I took another breath *in.. out* I couldn't tell her everything.. she didn't't need the gore, but I could be honest.
"I had her Maria.. I could've killed her.." I said through clenched teeth. That deep part of me, the part that I think will always want bloodshed started banging inside me like a bell. Demanding vengeance.
"But I let her go," I said, voice quieter now. "I had to end it. This never ending cycle. Joel, her friends, my friends, each other. It had to stop.."
"I don't really know how I made it back alive. I just kept going until I reached the farmhouse, then.. here."I let out a deep sigh of relief. It's out there now.
Silence sat between us like another person in the room. Something came across her face, maybe relief? I couldn't place it.
And then Maria exhaled—long, steady. She reached for her mug, took a sip of something that had gone cold.
"You've been carrying that alone?"
I nodded.
"For too long huh?" She posed it as a question, but it really wasn't.
Another few moments passed, a clock ticking in the living room. Then she leaned forward, eyes sharp but not unkind.
"I'm not gonna pretend to support why you went after her again.. But I know what it looks like when someone's trying to punish themselves. Don't you think you've been punished enough?"She said that last part quieter. Almost like she was pleading with me to see her reason.
I didn't respond. I couldn't.
She let it hang a moment longer. Then:
"You're not the only one who lost Joel, Ellie.."
That hit deeper than I expected. I looked down at my hands. The scars. The tremble. The things I could never unsee.
"I don't know how to come back from this," I said shakily.
"You don't have to know right now," she replied, this time smiling slightly. "You just have to stop running."
I let out a shaky breath. Something in my chest eased—just slightly. Like the weight was still there, but not pressing quite so hard. It allowed me to breathe easier.
"Thank you," I said. My eyes meeting hers. Maria and I had always gotten along, there was a mutual respect. But I think now, there was understanding too.

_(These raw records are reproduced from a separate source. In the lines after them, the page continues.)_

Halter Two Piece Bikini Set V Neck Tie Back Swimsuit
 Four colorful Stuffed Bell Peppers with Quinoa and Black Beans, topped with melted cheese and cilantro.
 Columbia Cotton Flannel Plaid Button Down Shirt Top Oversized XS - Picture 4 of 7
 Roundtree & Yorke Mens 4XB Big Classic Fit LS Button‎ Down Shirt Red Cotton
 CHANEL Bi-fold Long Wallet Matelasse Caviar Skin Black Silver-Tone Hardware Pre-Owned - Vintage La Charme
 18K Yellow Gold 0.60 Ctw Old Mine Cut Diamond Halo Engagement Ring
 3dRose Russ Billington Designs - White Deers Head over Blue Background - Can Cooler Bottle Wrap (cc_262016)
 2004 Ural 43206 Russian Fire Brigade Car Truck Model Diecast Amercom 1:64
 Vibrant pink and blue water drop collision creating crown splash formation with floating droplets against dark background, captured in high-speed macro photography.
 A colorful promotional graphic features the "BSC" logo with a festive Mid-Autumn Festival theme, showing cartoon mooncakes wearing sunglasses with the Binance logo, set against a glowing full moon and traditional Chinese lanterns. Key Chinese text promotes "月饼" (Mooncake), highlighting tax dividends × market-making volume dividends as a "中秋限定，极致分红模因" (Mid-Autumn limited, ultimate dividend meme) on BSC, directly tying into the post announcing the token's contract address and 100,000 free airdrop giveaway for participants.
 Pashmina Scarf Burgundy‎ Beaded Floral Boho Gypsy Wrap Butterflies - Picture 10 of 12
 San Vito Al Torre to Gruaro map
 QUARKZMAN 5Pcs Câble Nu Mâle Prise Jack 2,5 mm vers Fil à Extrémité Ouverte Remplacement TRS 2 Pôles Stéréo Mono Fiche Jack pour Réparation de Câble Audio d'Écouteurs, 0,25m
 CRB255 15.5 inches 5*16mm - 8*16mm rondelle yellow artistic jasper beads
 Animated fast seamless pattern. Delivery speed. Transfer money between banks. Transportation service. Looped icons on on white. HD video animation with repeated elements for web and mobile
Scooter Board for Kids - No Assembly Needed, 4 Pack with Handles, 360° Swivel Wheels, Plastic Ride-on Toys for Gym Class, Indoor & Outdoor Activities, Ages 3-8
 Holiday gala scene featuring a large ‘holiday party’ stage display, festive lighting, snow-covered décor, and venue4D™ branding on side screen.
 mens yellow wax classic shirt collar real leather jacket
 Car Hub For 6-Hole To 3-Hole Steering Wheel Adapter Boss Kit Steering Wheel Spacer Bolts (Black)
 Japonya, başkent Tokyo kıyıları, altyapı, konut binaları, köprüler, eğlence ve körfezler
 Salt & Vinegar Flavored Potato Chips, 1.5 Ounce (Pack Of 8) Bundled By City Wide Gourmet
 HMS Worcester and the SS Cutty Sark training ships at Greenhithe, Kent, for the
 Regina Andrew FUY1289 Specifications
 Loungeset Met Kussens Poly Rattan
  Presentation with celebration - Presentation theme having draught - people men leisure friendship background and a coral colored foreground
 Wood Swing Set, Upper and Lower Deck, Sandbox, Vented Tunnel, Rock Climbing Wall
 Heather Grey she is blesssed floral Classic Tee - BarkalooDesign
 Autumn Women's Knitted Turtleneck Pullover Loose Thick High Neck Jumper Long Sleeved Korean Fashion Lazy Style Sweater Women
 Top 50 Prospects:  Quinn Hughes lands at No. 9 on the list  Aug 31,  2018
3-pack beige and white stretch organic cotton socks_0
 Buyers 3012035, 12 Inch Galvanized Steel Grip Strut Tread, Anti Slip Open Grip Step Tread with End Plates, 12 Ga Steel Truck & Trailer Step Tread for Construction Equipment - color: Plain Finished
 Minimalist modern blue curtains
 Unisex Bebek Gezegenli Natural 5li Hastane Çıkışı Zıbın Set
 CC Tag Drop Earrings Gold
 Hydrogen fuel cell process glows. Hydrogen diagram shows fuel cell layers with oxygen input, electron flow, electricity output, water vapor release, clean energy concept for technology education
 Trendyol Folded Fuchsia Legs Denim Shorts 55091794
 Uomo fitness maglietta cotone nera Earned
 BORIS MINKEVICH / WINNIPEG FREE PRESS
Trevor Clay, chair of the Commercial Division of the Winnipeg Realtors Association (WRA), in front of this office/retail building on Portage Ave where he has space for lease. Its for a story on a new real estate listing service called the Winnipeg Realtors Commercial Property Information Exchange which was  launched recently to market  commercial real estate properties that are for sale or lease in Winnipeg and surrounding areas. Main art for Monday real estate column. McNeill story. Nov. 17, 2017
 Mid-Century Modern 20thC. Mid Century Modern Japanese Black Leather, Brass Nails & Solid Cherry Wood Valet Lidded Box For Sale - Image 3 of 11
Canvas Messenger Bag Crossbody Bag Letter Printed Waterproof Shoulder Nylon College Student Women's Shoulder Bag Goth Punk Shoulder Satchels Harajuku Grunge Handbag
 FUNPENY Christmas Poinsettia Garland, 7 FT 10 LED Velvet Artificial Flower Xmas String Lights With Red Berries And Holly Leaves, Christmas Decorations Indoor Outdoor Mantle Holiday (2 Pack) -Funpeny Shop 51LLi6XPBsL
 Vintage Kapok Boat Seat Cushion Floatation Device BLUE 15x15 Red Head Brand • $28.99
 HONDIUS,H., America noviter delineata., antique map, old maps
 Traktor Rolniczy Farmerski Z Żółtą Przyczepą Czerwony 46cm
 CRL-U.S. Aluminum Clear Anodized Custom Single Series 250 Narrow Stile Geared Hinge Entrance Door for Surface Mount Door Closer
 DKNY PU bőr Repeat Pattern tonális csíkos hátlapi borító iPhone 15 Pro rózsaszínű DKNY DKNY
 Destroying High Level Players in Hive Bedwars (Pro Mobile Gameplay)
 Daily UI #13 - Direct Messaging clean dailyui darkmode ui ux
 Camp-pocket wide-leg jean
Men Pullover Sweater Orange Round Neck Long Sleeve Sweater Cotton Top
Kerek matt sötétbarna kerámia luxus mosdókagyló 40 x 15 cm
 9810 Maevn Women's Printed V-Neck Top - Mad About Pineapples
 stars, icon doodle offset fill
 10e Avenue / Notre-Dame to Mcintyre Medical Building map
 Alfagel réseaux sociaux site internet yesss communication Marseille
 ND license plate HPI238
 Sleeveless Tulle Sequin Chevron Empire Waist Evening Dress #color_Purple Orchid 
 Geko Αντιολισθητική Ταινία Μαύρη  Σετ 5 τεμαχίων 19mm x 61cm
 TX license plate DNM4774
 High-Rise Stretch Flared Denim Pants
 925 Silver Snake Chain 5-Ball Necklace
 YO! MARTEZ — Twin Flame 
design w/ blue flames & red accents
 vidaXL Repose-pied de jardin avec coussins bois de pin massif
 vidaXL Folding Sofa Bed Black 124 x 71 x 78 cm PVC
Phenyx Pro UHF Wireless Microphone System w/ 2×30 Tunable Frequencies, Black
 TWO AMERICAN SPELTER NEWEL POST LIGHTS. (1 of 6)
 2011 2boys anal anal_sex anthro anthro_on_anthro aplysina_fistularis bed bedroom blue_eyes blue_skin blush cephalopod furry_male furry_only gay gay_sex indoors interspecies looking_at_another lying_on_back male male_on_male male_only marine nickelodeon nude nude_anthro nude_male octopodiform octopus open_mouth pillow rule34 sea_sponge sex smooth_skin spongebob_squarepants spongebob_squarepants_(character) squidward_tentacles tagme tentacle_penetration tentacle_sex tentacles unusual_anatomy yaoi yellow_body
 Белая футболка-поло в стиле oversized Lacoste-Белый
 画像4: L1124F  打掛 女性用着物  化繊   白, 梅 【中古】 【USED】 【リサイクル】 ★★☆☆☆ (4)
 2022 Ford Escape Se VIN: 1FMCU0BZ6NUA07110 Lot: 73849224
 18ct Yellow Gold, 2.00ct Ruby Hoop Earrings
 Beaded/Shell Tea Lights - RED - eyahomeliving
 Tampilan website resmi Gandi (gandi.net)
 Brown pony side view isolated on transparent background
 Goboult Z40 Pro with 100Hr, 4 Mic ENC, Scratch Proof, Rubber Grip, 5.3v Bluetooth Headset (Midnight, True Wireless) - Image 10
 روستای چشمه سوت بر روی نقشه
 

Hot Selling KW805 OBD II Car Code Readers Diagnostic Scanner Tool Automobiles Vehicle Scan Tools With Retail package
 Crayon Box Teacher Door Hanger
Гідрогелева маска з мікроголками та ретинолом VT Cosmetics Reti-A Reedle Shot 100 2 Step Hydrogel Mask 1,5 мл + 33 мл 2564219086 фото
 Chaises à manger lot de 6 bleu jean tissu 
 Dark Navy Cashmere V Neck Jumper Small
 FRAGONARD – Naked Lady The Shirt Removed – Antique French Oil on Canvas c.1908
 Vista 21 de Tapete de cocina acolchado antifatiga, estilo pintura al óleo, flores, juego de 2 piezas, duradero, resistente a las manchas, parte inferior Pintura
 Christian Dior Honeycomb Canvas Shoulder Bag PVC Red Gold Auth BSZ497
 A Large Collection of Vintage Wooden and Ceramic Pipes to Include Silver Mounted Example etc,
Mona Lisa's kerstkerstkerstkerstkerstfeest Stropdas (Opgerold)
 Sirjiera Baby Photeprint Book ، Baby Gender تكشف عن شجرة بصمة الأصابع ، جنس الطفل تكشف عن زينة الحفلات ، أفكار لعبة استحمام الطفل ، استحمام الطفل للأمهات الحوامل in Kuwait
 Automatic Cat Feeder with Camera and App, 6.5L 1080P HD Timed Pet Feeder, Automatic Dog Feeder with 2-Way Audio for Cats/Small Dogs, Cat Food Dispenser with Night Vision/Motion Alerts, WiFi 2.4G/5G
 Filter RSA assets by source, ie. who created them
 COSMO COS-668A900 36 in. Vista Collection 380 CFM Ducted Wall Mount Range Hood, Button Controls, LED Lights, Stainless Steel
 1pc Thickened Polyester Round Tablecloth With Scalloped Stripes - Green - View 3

She stood. Took my bowl. "You can stay in the spare room here for now. We'll figure the rest out tomorrow."
As she turned away, I said out loud—lightly. Just a whisper of a voice.
"Was it her cooking?"
She paused. Didn't look back.
Just said, "Goodnight, Ellie," and walked down the hall.
I let myself smile. Barely. Just for a second.
And for the first time in a long time…
I didn't feel like I was running anymore.